Pure Scottish pantomime is an intimate experience, a conversation of old jokes and comfortable material between performers and audience. What then for the UK’s biggest pantomime - working the 3,000 seats of the SECC’s cavernous Clyde Auditorium with a show that, on the face of it, is about as Scottish as a dry day at the Edinburgh Fringe.
A scene from Robinson Crusoe and the Caribbean Pirates SECC Clyde Auditorium, Glasgow Photo: Iain McLean
It shouldn’t, but between them, John Barrowman and the exuberant pairing of the Krankies, make Robinson Crusoe work. And for all that Qdos have thrown not one but two full-blown and cleverly worked 3D experiences from Amazing Interactives at it, and a superbly scary animatronic sea monster from Twins Worldwide, it is to old-fashioned stagecraft that the trio turn for their success.
They are certainly helped by the local knowledge of writer Alan McHugh, who has spun Michael Harrison’s original script into a Glasgow-based story. He also makes great play of incorporating the Krankies’ own material into the show, giving yet another generation of Glaswegians the opportunity to thrill to the scurrilous naughtiness and toilet humour of Janette Krankie’s “dirrrrrty wee boy”.
The whole is not bereft of schoolboy errors. Sending out the dancing troupe to mouth the words to the opening song on a click track sends expectations tumbling. If their feet work tirelessly in time throughout the whole production, and what a crack troupe they are, their lips don’t sync as they set up the stage for Barrowman’s arrival.
Once on stage, however, Barrowman’s Robinson Crusoe ensures all this is instantly forgotten. There is nothing lacking in his performance, with attention to detail that is impeccable throughout.
Barrowman is rarely off stage, giving both his fans and those there for the panto full value for money. The song choices are strong (a version of Fireworks lights the place up) and there are plenty of them.
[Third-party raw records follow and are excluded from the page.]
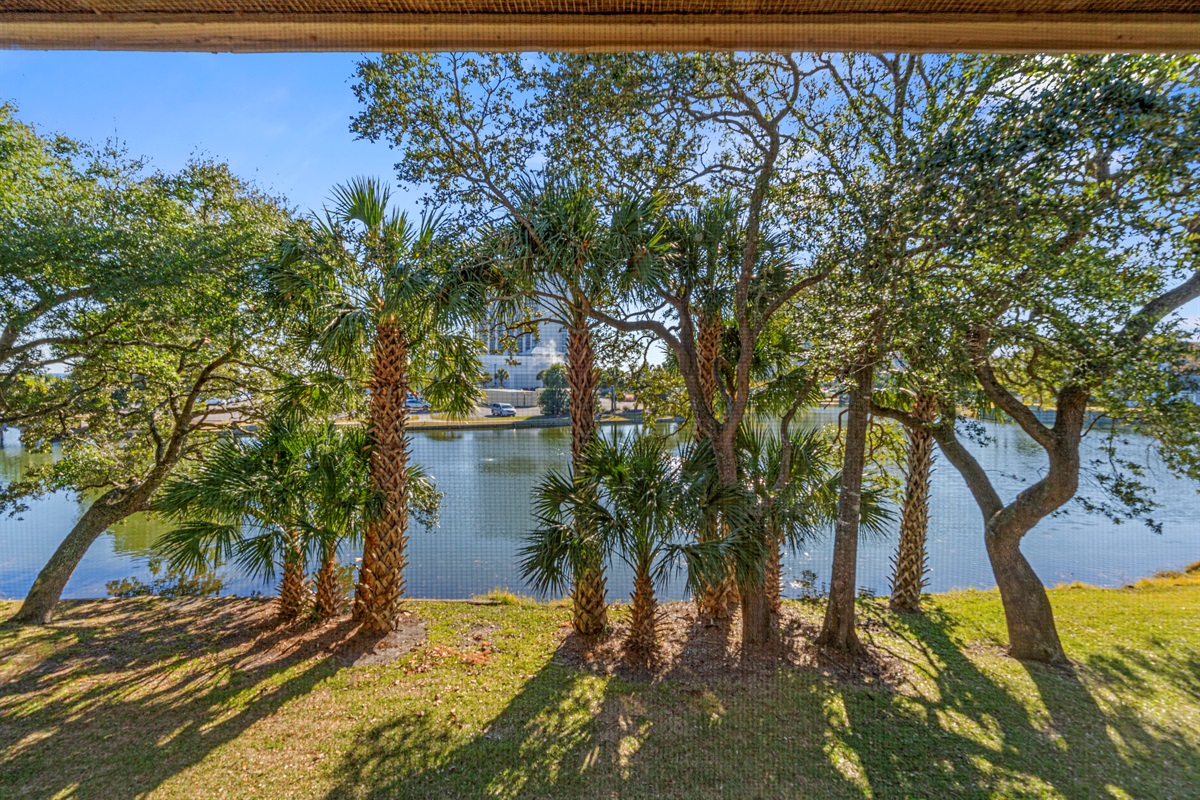 Screened in back deck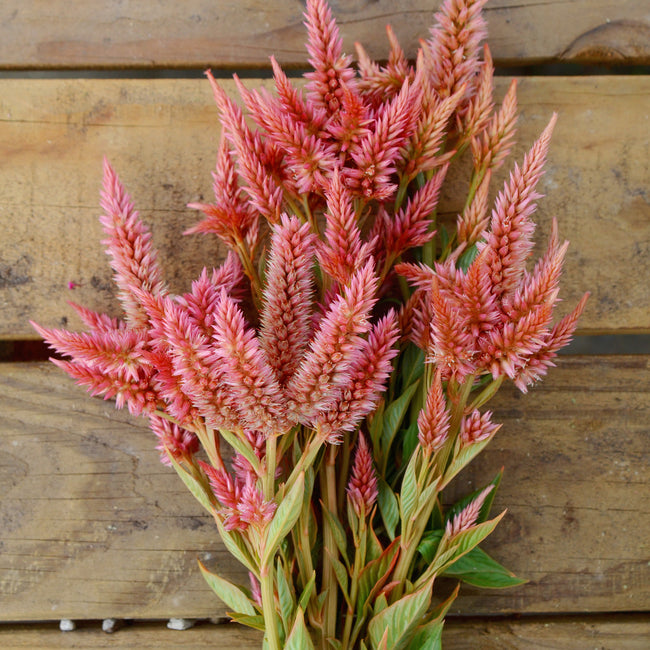 CELWAY TERRACOTTA-CELOSIA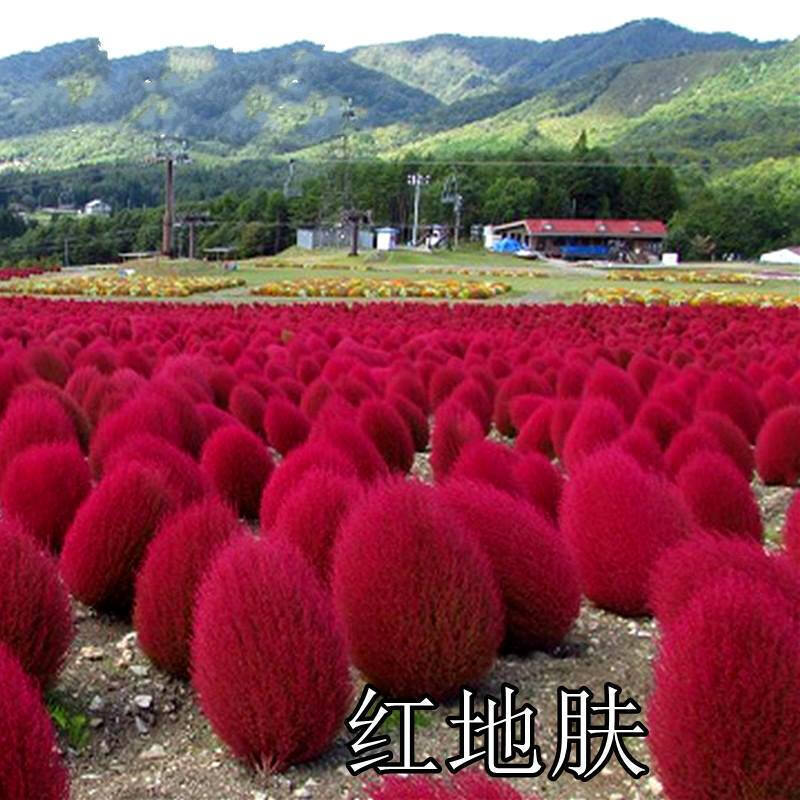 元冬红叶地肤种孔雀松地彩色地被绿叶地肤种籽扫帚种子 红叶地肤100粒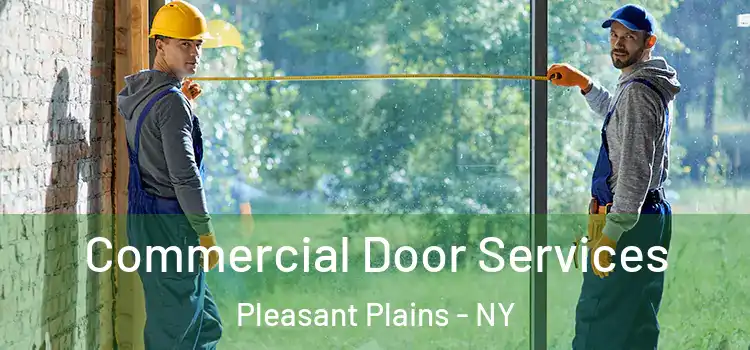 Commercial Door Services Pleasant Plains - NY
He has lots of athletic dancing, the comedy routines with Janette Krankie as Robinson’s twin brother Wee Jimmy are excellently timed, and there is plenty of backchat about his sexuality as he ogles the considerable muscles of Jeremy Fontanet’s Man Friday.
The Krankies provide a wealth of basic Scottish comedy knowledge. Their original faux-ventriloquist act - diminutive Janette as a schoolboy dummy on Ian’s knee - gets an outing, but they work hard at the production as a whole. Their recent unforced revelations of sexual escapades while on tour in the eighties are given plenty of reference - adding considerably to the general level of smutty humour and to their three-in-a-bed moment in the ghost scene in particular.
The presence of Janette Krankie obviates the need for a traditional dame, and apart from a lack of thigh-slapping there is something of the principal boy about Barrowman. It is all very sexualised, though. Not all the adult material floats as far over the very young ones’ heads as you might want. There is, however, a real innocence about Miriam Elwell-Sutton’s tender and sweetly voiced Mermaid, who provides Crusoe’s love interest.
The loser in all the vastness is the sense of a coherent audience. There’s no possibility they could deafen themselves with their jeers for the baddy. Pete Gallagher works it well as villainous Blackheart the Pirate but while the baddy’s stock audience interaction lines are present and correct, the interaction itself gets lost in the huge space, becoming more a ritual call-and-response than anything organic.
That said, this is a bold show that works its socks off.